Ground Zero ist kein Ort des Terrors mehr, sondern ein Ort der Stille. Wo einst die Zwillingstürme des World Trade Centers standen, erinnert nun die Gedenkstätte National 9/11 Memorial an die folgenschweren Terroranschläge des 11. September 2001. Gleichzeitig stehen neue Wolkenkratzer, der Überlebensbaum, The Oculus und The Sphere für neue Hoffnung und Stärke. Wir finden, ein Besuch des Ground Zero ist in New York unverzichtbar.
In diesem Artikel haben wir für euch die wichtigsten Informationen zu den bedeutsamen Orten am Ground Zero zusammengestellt. Außerdem klären wir die Unterschiede zwischen Ground Zero, National 9/11 Memorial und 9/11 Memorial Museum. Da wir euch besonders am Ground Zero eine Führung von echten New Yorkern ans Herz legen wollen, gibt es weiter unten auch einige Empfehlungen von uns für geführte Touren am Ground Zero.
Aus Respekt sprechen wir in diesem Artikel auch nicht von “Sehenswürdigkeiten” oder “Attraktionen”, sondern wichtigen Orten und Gedenkstätten.
Nach den Anschlägen auf das World Trade Center qualmten die Trümmer noch bis in den Dezember 2001 hinein und es dauerte über 9 Monate, die Unmengen an Schutt wegzuräumen. Auch danach stand die Nation noch immer unter Schock und an der Stelle, wo zuvor die Twin Towers standen, blieb eine riesige Wunde in Manhattans Stadtbild zurück: der Ground Zero.
Als wichtiger Ort der Erinnerung und Trauer ist der Ground Zero heute keine leere Grube mehr. Auf dem Gelände wurden wieder neue Gebäude errichtet, allen voran die Gedenkstätte National 9/11 Memorial und das 9/11 Memorial Museum. Mit dem neuen One World Trade Center demonstriert New York seine Stärke und seit Kurzem ragt daneben der neue Bahnhof Oculus wie ein Phönix aus der Asche empor.
Dieses gesamte Gebiet, das von den Anschlägen getroffen wurde, wird auch heute noch Ground Zero genannt, oft aber mit 9/11 Memorial gleichgesetzt.
Das National 9/11 Memorial
Genau an der Stelle, wo vor den Anschlägen die Zwillingstürme standen, dienen heute zwei riesige Becken mit Wasserfällen als symbolische Gedenkstätte. Zusammen mit dem Stadtpark-Gelände rundherum formen sie das National 9/11 Memorial.
Die beiden Becken sind die größten künstlichen Wasserfälle in Nordamerika und zusammen eines der bewegendsten Denkmäler der Welt. Sie stehen für die unsagbare Lücke in der Seele der Stadt, die durch die Terroranschläge und den Einsturz der Türme entstanden ist.
Deshalb heißen die Pools auch mehrdeutig Reflecting Absence. Sie laden zur Reflexion über Leere ein und spiegeln diese zugleich auch in der Wasseroberfläche.
Rund um die Wasserbecken sind auf Bronzeplatten die Namen der rund 3.000 Opfer eingraviert – da bekommt man Gänsehaut, wenn man vorbei geht.
Wenn ihr bei manchen Namen eine kleine weiße Rose seht, bedeutet es, dass diese Person heute Geburtstag hätte.

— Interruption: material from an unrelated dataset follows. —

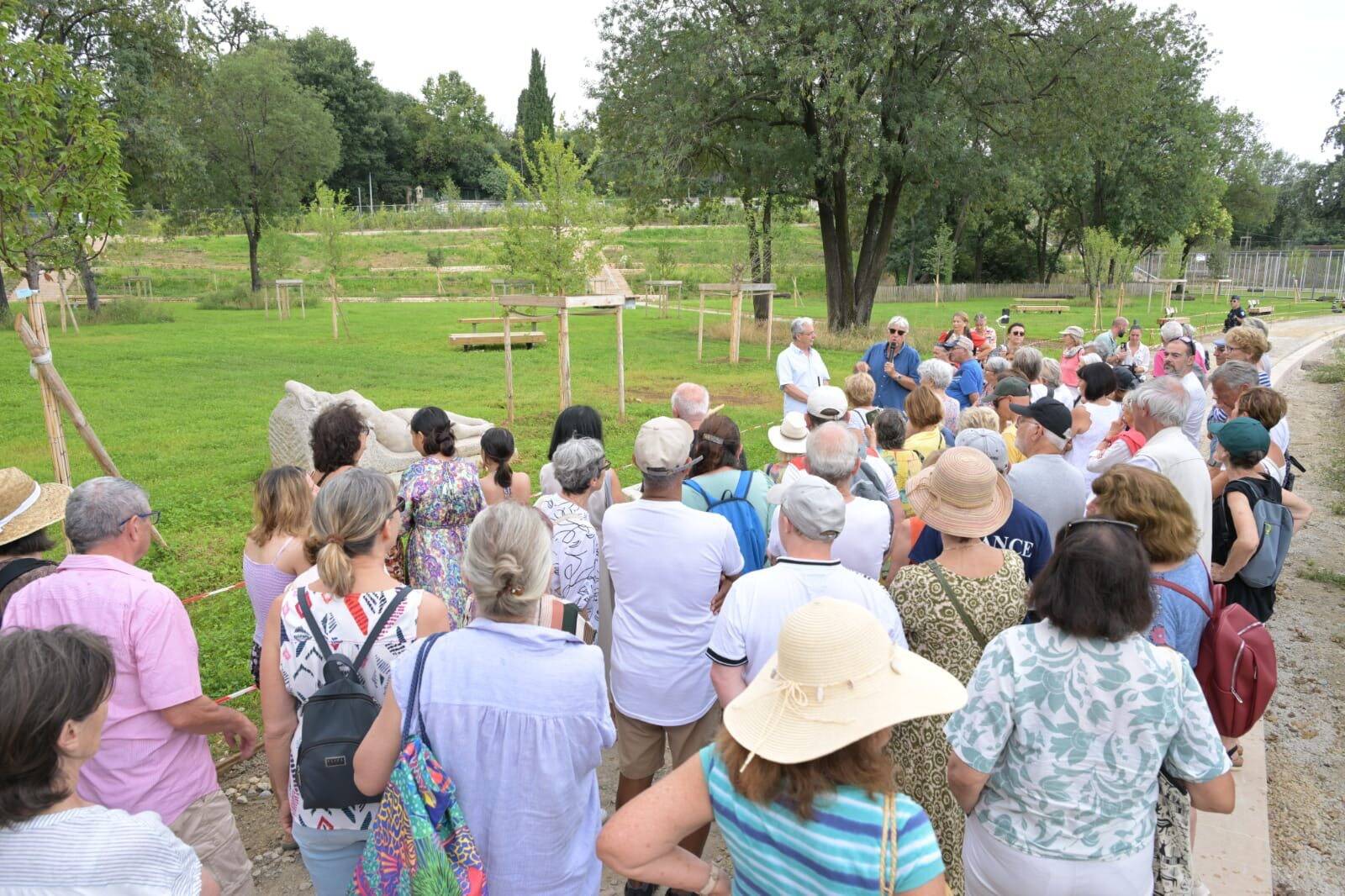 Cagnes-sur-Mer fait visiter en avance son futur grand parc du centre-ville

Das Denkmal ehrt all diejenigen, die den Anschlägen am 11. September zum Opfer vielen. Darunter jene, die im World Trade Center in New York, im Pentagon in Washington D.C. und im abgestürzten Flug 93 in Pennsylvania ums Leben kamen. Auch den sechs Opfern des Bombenanschlags auf das World Trade Center im Jahr 1993 ist eine Inschrift gewidmet.
Das neue One World Trade Center steht heute auf dem Ground Zero, direkt neben dem 9/11 Memorial. Ursprünglich hieß das Gebäude Freedom Tower, wurde aber später aus Vermarktungsgründen in One World Trade Center ( 1 WTC) umbenannt.

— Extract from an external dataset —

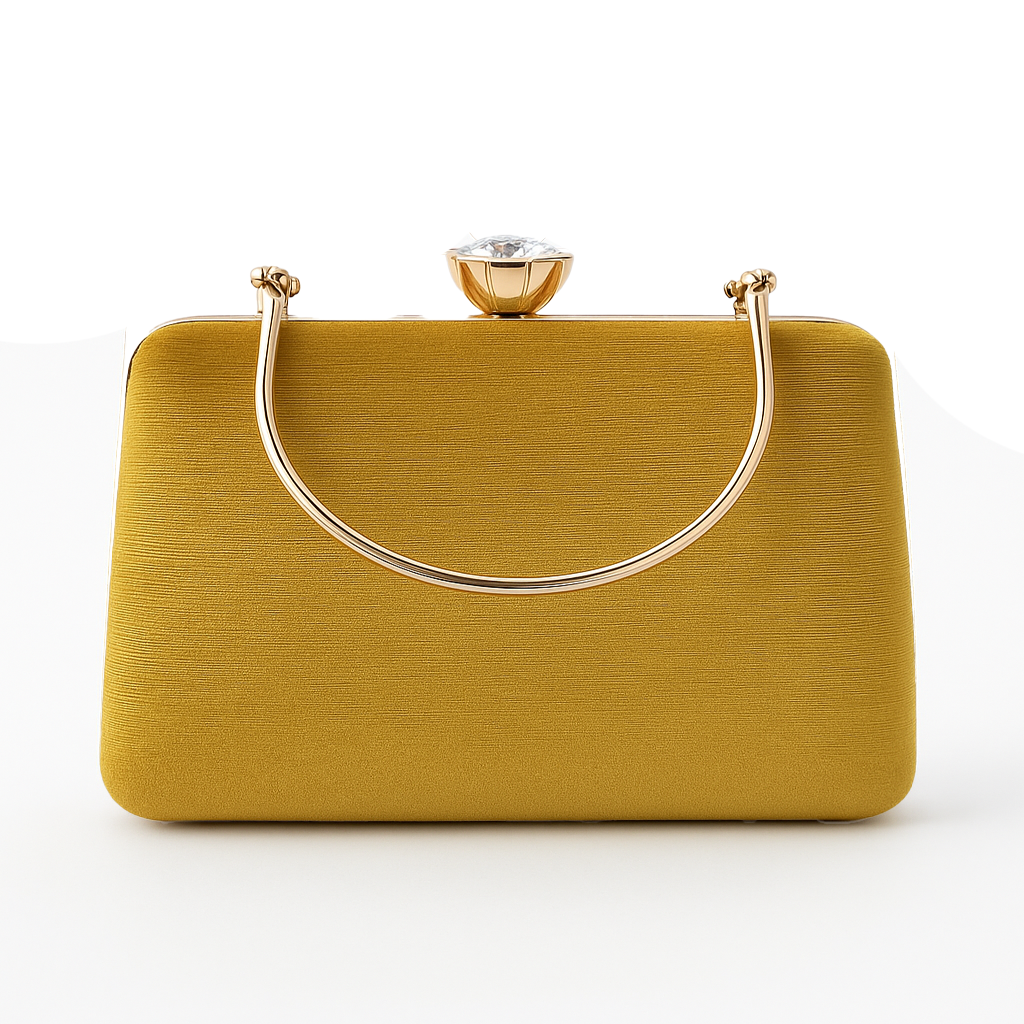 Royal Gold Tassel Clutch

Auf 104 Etagen gibt es dort fast 80.000 Quadratmeter Bürofläche, eine öffentliche Lobby im Erdgeschoss, verschiedene Restaurants und die höchste Aussichtsplattform New Yorks.
Die Höhe des One World Trade Centers ist nicht zufällig gewählt: 1776 Fuß (knapp 542 Meter) symbolisieren das Jahr der Unabhängigkeitserklärung der USA.
Es verkörpert damit die Stärke, den Optimismus und den Glauben der Amerikaner wie kein zweites Gebäude in New York.